In almost every country in the world, there are events that are central to the collective memory. Examples include the release from prison of Nelson Mandela (1990), the death of Diana, Princess of Wales (1997), the attack on Pearl Harbour (1941) and the fall of the Berlin Wall (1989). These events act as a pivot point in the national consciousness. One can divide history into events that happened before, and those that happened afterwards. Anyone seeking to understand Irish history must examine the impact of ‘the Great Famine’. It is also called the Potato Famine. Even the most cursory search of the internet quickly reveals a massive body of literature on the subject. Few people with wealth or power emerge with much credit from that dark time.
At one level, the famine can be attributed to the spread of a blight that caused the potato crop to rot. The same infestation affected Belgium, the Netherlands, northern France and southern England. There a number of factors that turned a major problem into a national catastrophe in Ireland.
- A large percentage of the potato crop consisted of a single variety: one problem affected every field.
- The entire island of Ireland was affected: there was nowhere to go to mitigate the effects.

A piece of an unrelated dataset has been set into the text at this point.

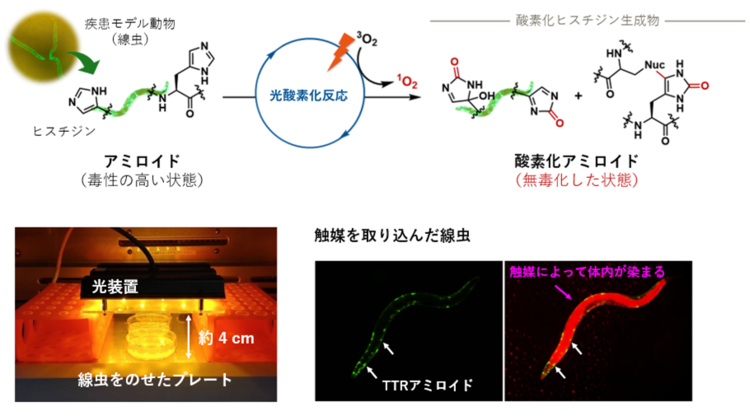 図3：モデル線虫を用いた実験系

- The Irish peasants had become almost totally dependent on potatoes to survive. They did not have potatoes with their meals. Potatoes were their meals. Consumption has been estimated at 7-10 pounds per person per day.

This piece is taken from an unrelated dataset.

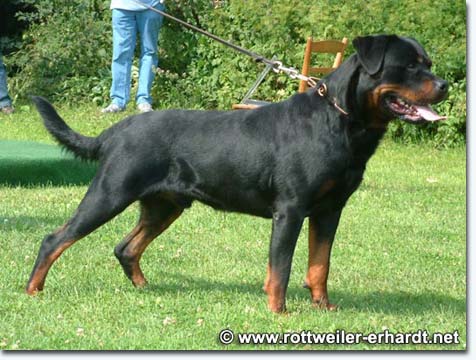 Emil von der Teufelsbr&uuml;cke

- Their existence was marginal even in good times due to the poor quality of their smallholdings and their size. The key word is ‘small’. 24% were under 5 acres (2 hectares), and another 40% between 5 and 15 acres (2-6 hectares). (For comparison, the current average Irish farm is 32.5 hectares (80 acres) and 80% of the land is pasture.)
- The decline in the crop was rapid and significant. In 1846, (edible) output was approximately 20% of what it had been only two years earlier.
- The response of the governing authorities was slow and inadequate. The majority of landlords lived a long way away, and were mainly interested in collecting the rent. The country was governed from London.
The two main results of the famine were emigration and starvation. As already stated in ‘What sort of place is Roscommon (1)?’, the impact was uneven across the country. Roscommon was one of the worst affected places.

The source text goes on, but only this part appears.